According to the Malaysian Institute of Economic Research (MIER), Consumer Sentiments Index has fallen below the 100-point confidence level, with financial and job expectations remaining “lull” and “growing jitters” over rising prices are observed.
MIER’s Business Conditions Index (BCI) also shows deteriorating signs with the latest figure closing at 95.3 points with decline in sales and lower export orders. This rather dismal economic outlook does not match with the Ministry of International Trade and Industry (MITI) data which actually exhibits increased level of exports, though gains remain modest.

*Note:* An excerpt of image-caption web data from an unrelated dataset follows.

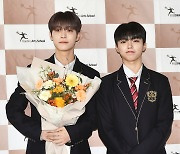 올아워즈 온,  민제형 졸업 축하해요~[포토엔HD]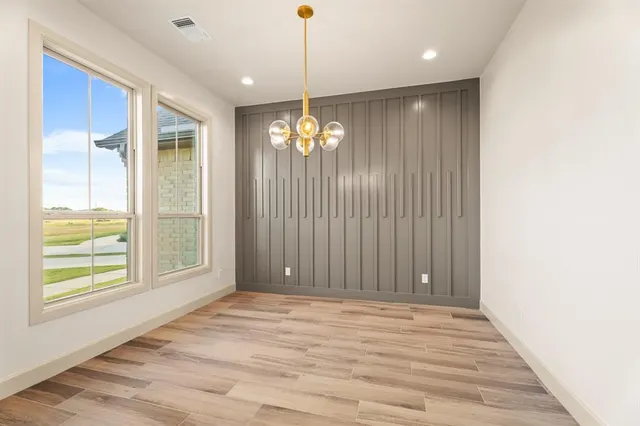 Photo 8 — 2401 Heathery Park, Oklahoma City, OK 73128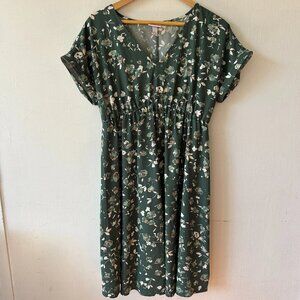 Isabel Maternity Fit and Flare Dress Womens Medium Green Floral V-neck Cottage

Exports have grown YoY over 2017- 2018 by 7%, imports by 5%, total trade by 5.76% and balance of trade by a healthy 23.68%. Total trade volume in the year ending December 2018 was recorded at RM1.88 trillion. However, MIER dismal outlook and MITI optimistic reading can be reconciled rather easily: The trade data for 2018 largely shows the result of orderbooks of 2017, and the first half of 2018, and it will be interesting to see what trends the trade shows in the next six months.
To understand the Malaysian economic outlook in 2019-2020, we need to move away from the narrow comparison of trade aggregates and understand the bigger picture that a political economy lens can offer.
If we go back to the environment pre-GE14, we can summarise the entire campaign of Pakatan Harapan in one sentence: The cost of living for average Malaysians has increased considerably whereas the ruling elite are plundering national resources.
For the cost-of-living problem, Pakatan Harapan presented one panacea: Remove the Goods and Services Tax (GST). It actually achieved this objective in a short run, where we saw Consumer Price Index (CPI) declining considerably.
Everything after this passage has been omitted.